C. P. Lungu, I. Mustata, A. Anghel, A. M. Lungu, P. Chiru, C. C. SurduBob, O. Pompilian

National Institute for Laser, Plasma and Radiation Physics, Magurele, Bucharest, Romania

1. Introduction

1.1 Objectives

According to the Individual Task Description (EFDA Reference JW5-TPP-RETMIX), two main objectives were developed. These are:

A. Coatings of W, graphite and NB31 CFC substrates using thermionic vacuum arc (TVA) technology

B. Surface morphology characterization by atomic force microscopy.

To accomplish these objectives, in order to optimise thermionic vacuum arc technology were prepared preliminary Be coatings on stainless steel small size samples (15 x 15 x 3 mm) and surfaces were characterized by atomic force microscopy (AFM).

Be coatings, using Thermionic Vacuum Arc (TVA) technology were performed at the National Institute for Laser, Plasma and Radiation Physics, Magurele using the vacuum equipment specially designated for Be coatings. Specialists of the Nuclear Fuel Plant (NFP) Pitesti insured technical assistance on TVA technology and handling of beryllium containing samples.

The measurements of the surface morphology were performed using AFM facilities and expertise of the “Al. I. Cuza University”, Iasi. The films were investigated by AFM in the taping mode with standard silicon nitride cantilever NSC21 having a force constant of 17.5 N/m, 210kHz resonance frequency and tip with radius of curvature less than 10 nm. The AFM measurements were performed at room temperature and ambient pressure. Scanned samples area were from 20 µm x 20 µm to 5 µm x 5µm with a 256 x 256 pixels image resolution.

The research activity was focused on the following objectives.

1. The kind of material to be used for crucible
2. Anode-cathode distance
3. View angle for the sample
4. Filament current
5. Discharge voltage
6. Discharge current
7. Deposition rate.

2. Results and discussion

2.1 Background

Thermionic vacuum arc (TVA) technology is based on the electron-induced evaporation. [1-3]. A tungsten cathode filament surrounded by a Whenelt cylinder is heated by an external low voltage-high current. Thermo-electrons emitted from the tungsten filament are accelerated towards the anode. High evaporation rate of the anode material leads to high vapour density above the anode. The space density of these particles is high enough to lower the ionisation mean free path making it smaller than the cathode – anode distance. As a result, plasma is ignited in that region while the surrounding space is evacuated below 10-3Pa. Under these conditions high purity films of the anode material can be deposited onto substrates. High-energy ion bombardment of the growing layer leads to the formation of pure and a compact layers.
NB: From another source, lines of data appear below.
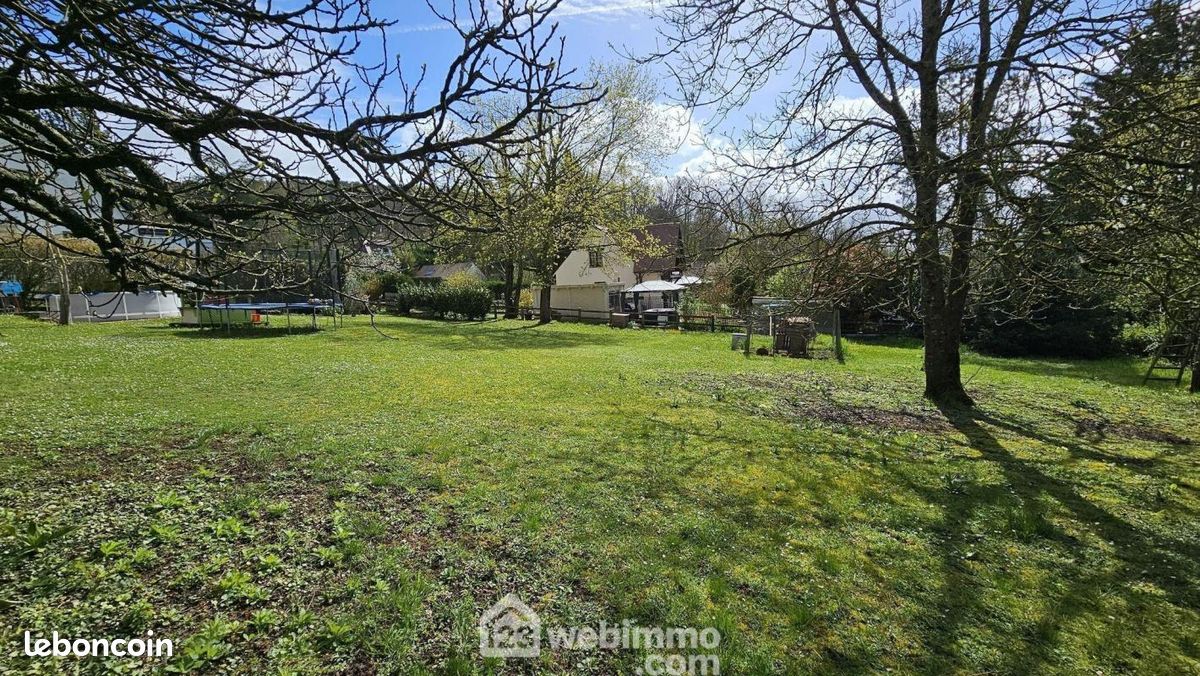 6 bedrooms House in Boutigny-sur-Essonne, France No. 166942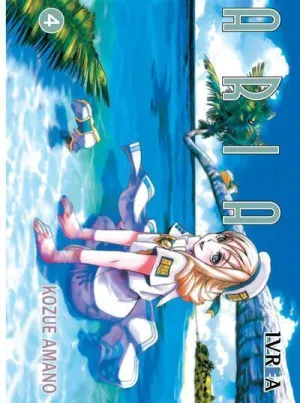ARIA #04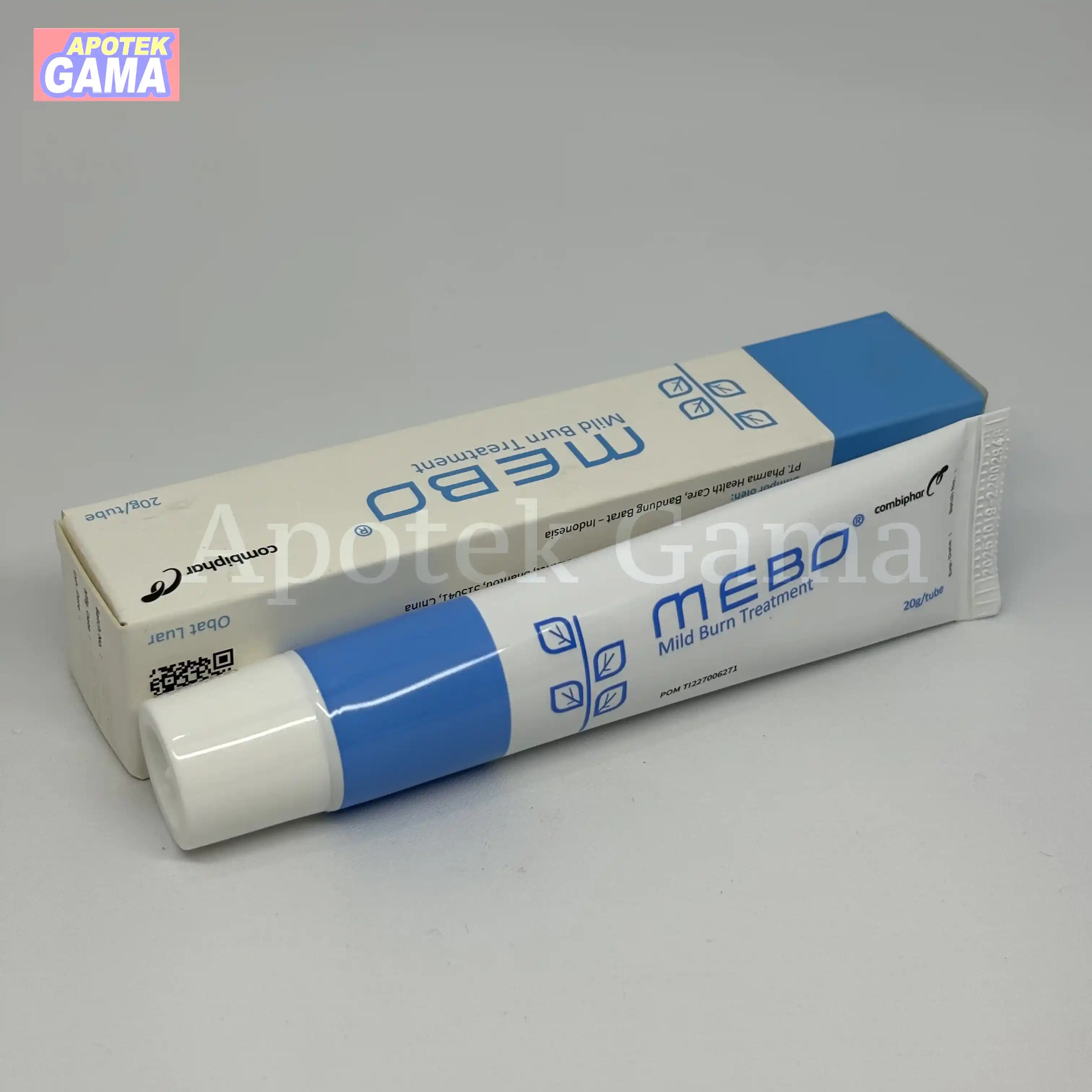 MEBO CR 2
The usual obtained deposition rates were in the range of 0.1-2 nm/s. The heating currents for filament furnished by the low voltage sources of the machine was in the range of 80-100 A. The high voltage sources can ensure a maximum voltage of 5 kV on the anode and a discharge current of 0.5 -2 A which were sufficient for the purpose of Be coatings.
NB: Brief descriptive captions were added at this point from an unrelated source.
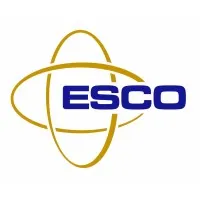 ESCO logo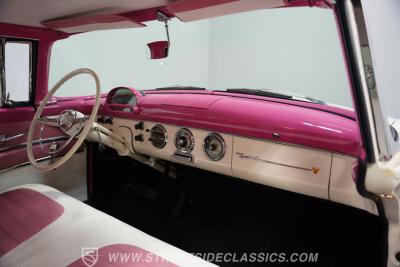 1955 Ford Crown Victoria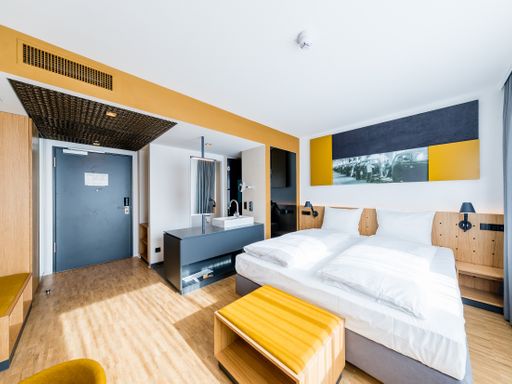 5 Tage Kulturgenuss & Erholung bei einer Kurzreise nach Rüsselsheim am Main erleben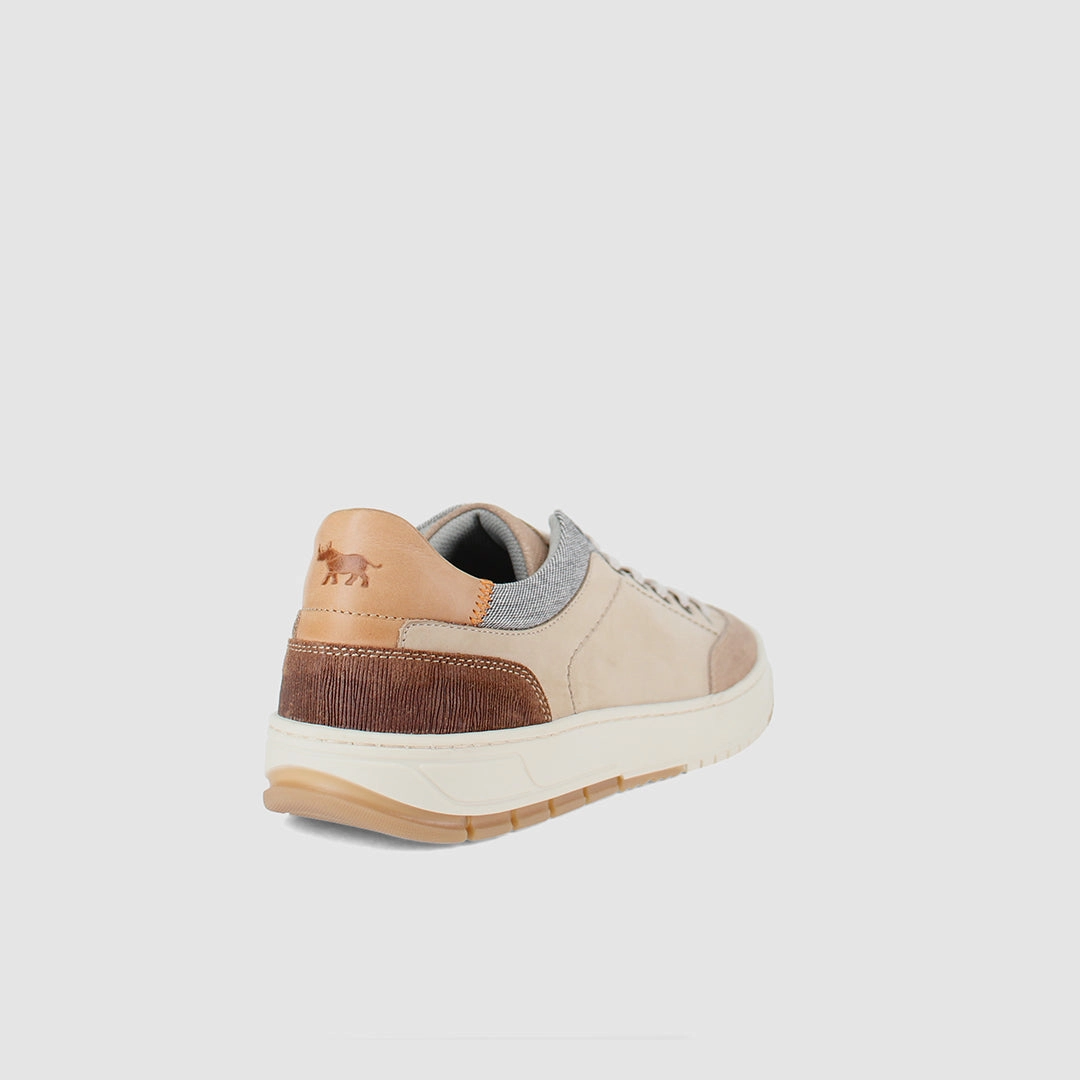 Dravis Casual Shoes Beige
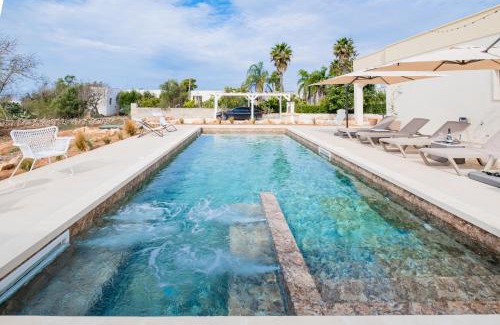 Taviano Apartment | Villa Zorro Luxury - Marina di Mancaversa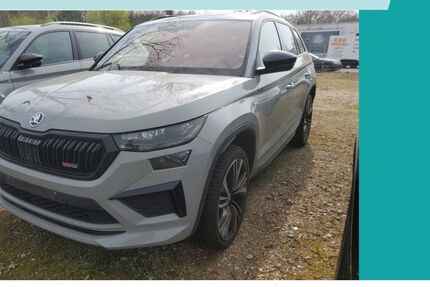 Skoda Kodiaq 29.757 km 44.690 &euro; Weil der Stadt 71263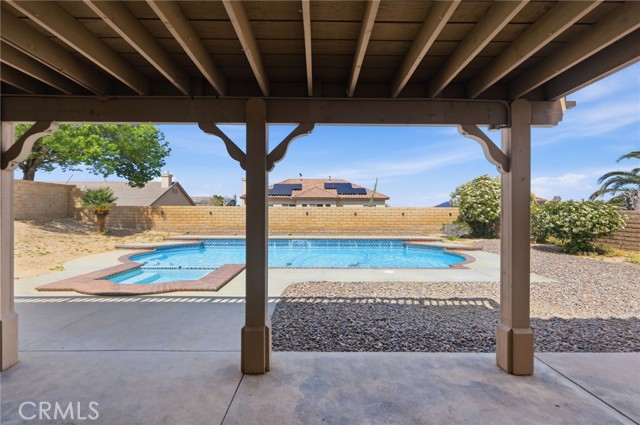 Detail Gallery Image 49 of 52 For 7325 Round Hill Dr, Lancaster,  CA 93536 - 5 Beds | 3 Baths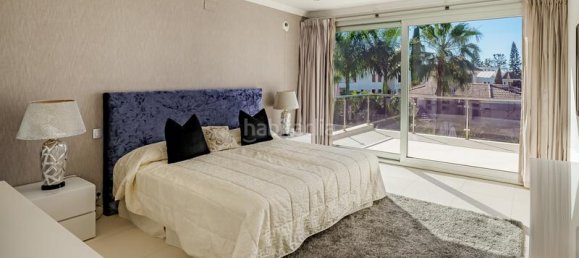 5 غرف نوم منزل في Marbella, Spain رقم 84316 22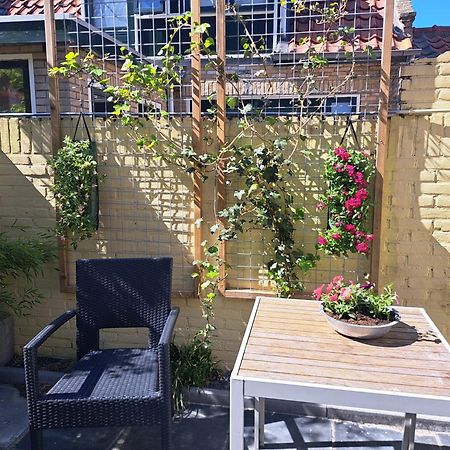 Hotel Buren West-Terschelling Εξωτερικό φωτογραφία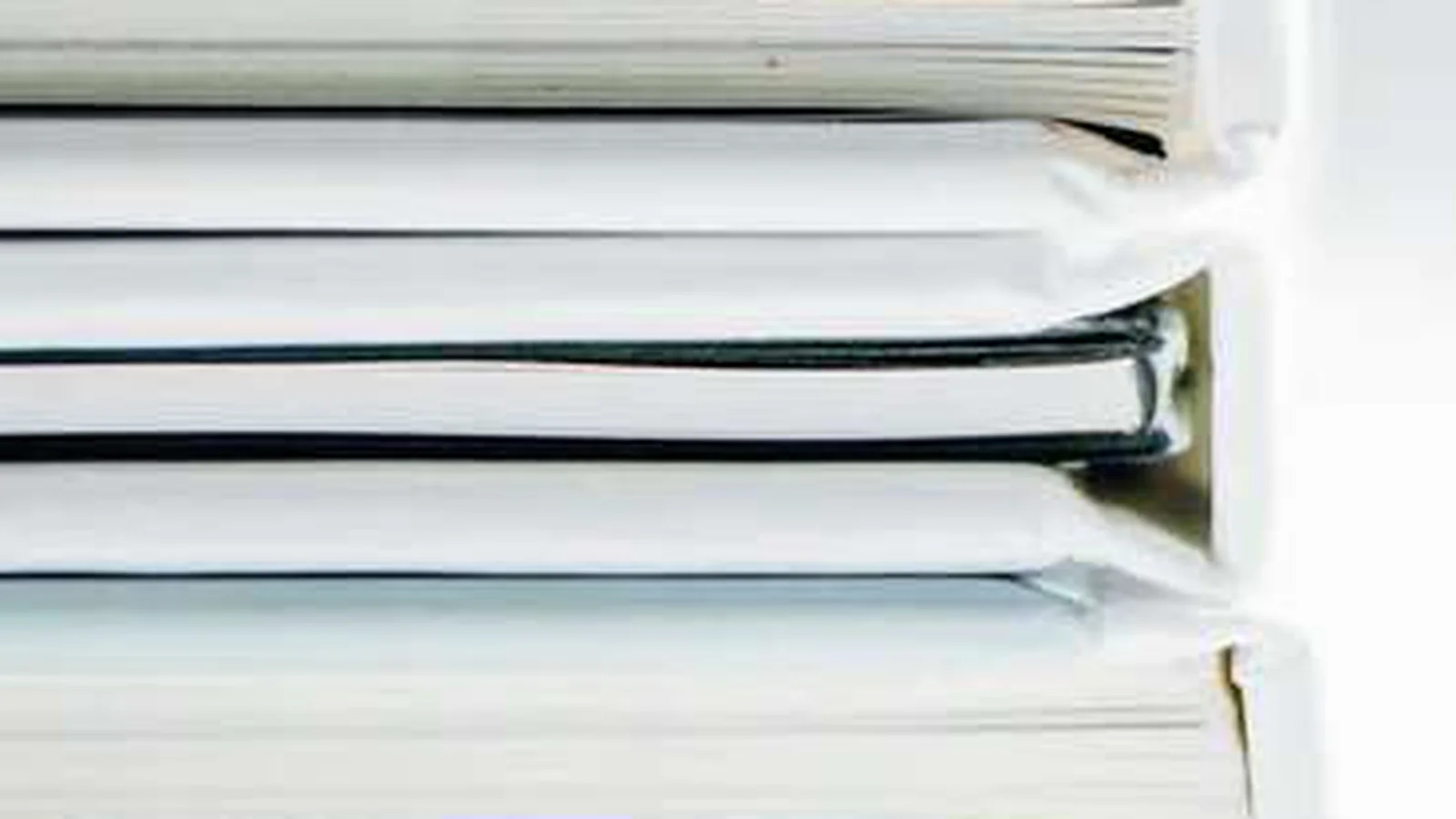 Entrega de expedientes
2.2 Be coating optimisation

2.2.1 The kind of material to be used for crucible.

In order to avoid any inclusions of the crucible material and based on the previous experience of our team, the evaporation of the beryllium material was performed using only a ingot of cylinder shape of pure Be material, settled on a tungsten holder.

Two kinds of Be cylinders were used:

1. Be cylinder of NFF Pitesti, made from pressed Be flakes.
2. Be cylinder of UKAEA, made from bulk Be.
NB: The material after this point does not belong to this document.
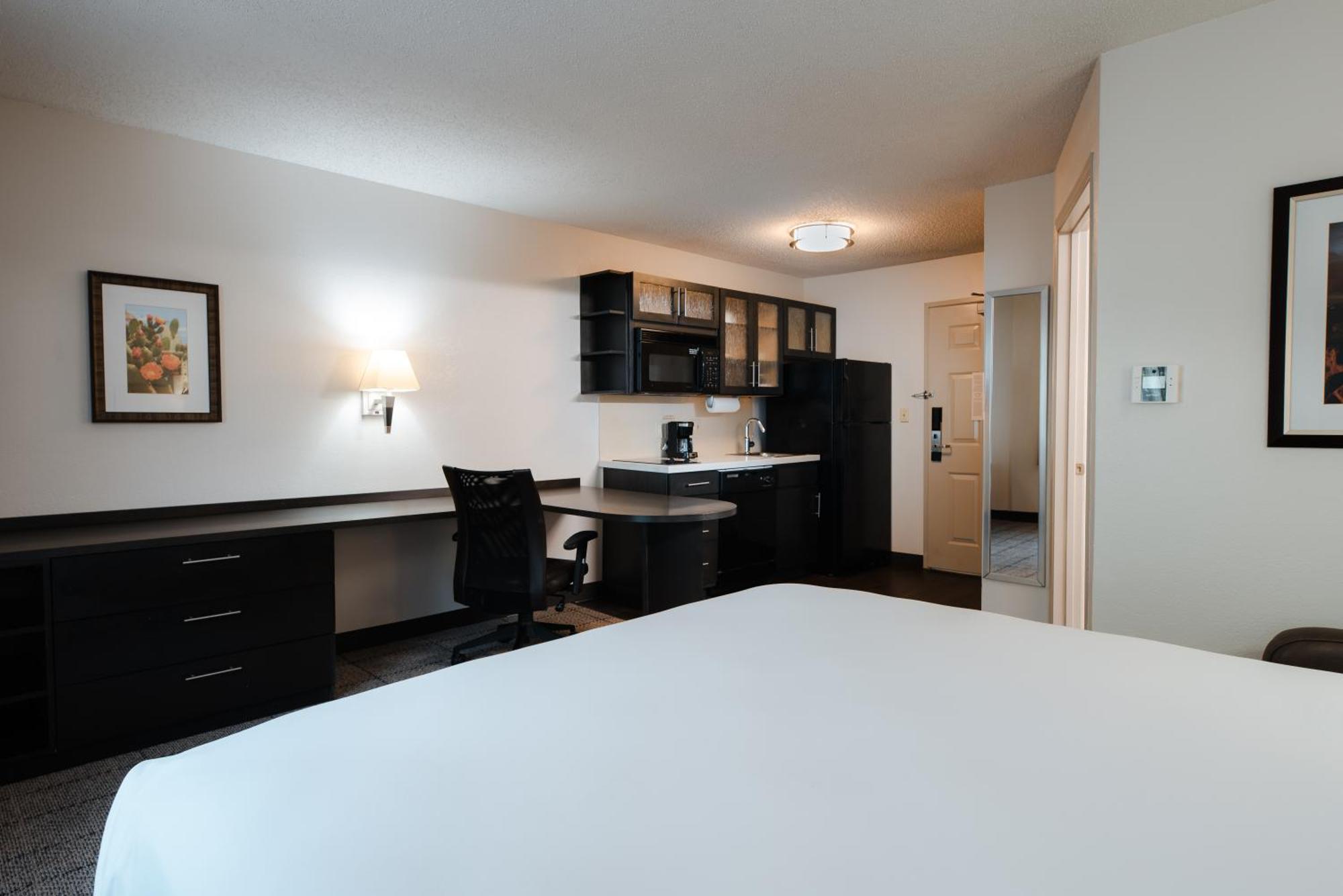 Sonesta Simply Suites Dallas Richardson Kültér fotó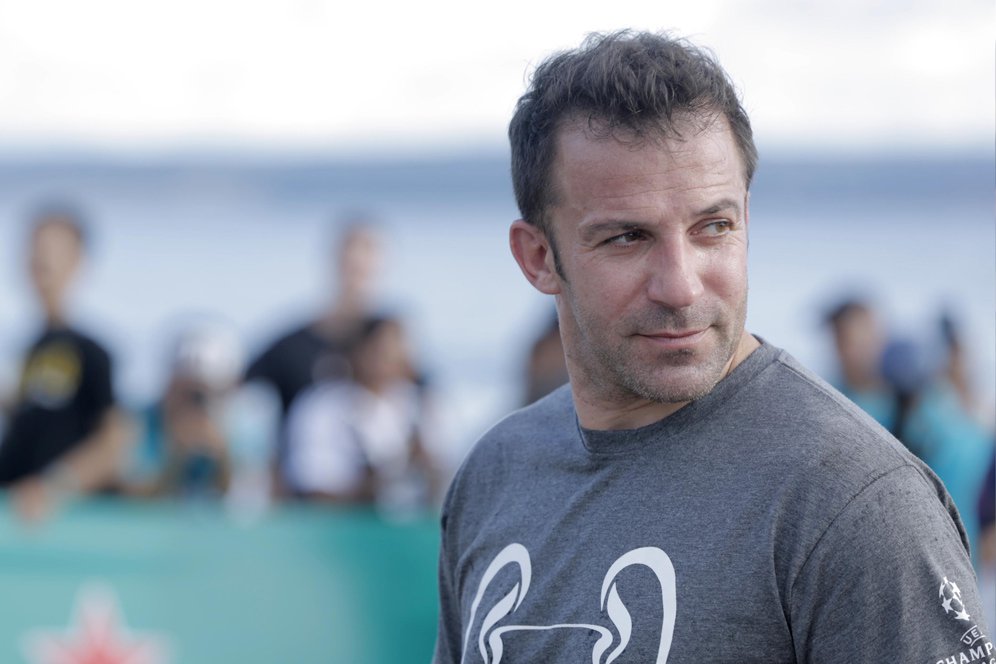 Alessandro Del Piero Bakal Maju jadi Calon Presiden Juventus Gantikan Andrea Agnelli? Alessandro Del Piero Bakal Maju jadi Calon Presiden Juventus Gantikan Andrea Agnelli?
The both Be ingots were analysed by electron dispersive (X-ray) spectrometry (EDX/ EDS). Data collection and analysis by EDS is relatively simple and rapid process due to the full spectrum of energies, which is simultaneously acquired. Typical resolution on the EDS detector was in the range of 70-130 eV, as function of the element, and the width of the peaks in the Wavelength dispersive X-ray spectroscopy (WDS) were in the range of 2-20 eV. Analysed by the microprobe of a Philips ESEM (Environmental Scanning Electron Microscope) the level of the impurities of the two materials was almost the same, then the both materials can be used as anodes.

2.2.2 Anode-cathode distance.

The distance between anode (the Be cylinder) and cathode (the Whenelt cylinder of the TVA gun, made by molybdenum was adjusted between 2 and 15 mm. An optimum distance of 8 mm was found in order to obtain efficient melting and evaporation of the beryllium cylinder, as well as the discharge voltage and the discharge current. During processing time and keeping constant the discharge current, the discharge voltage linearly increased, with the increasing of the anode-cathode distance due to continuously evaporation of the beryllium cylinder used as anode. I order to keep constant the discharge current and voltage, a mechanism was designed and realized in order to adjust the anode-cathode distance during the coating process.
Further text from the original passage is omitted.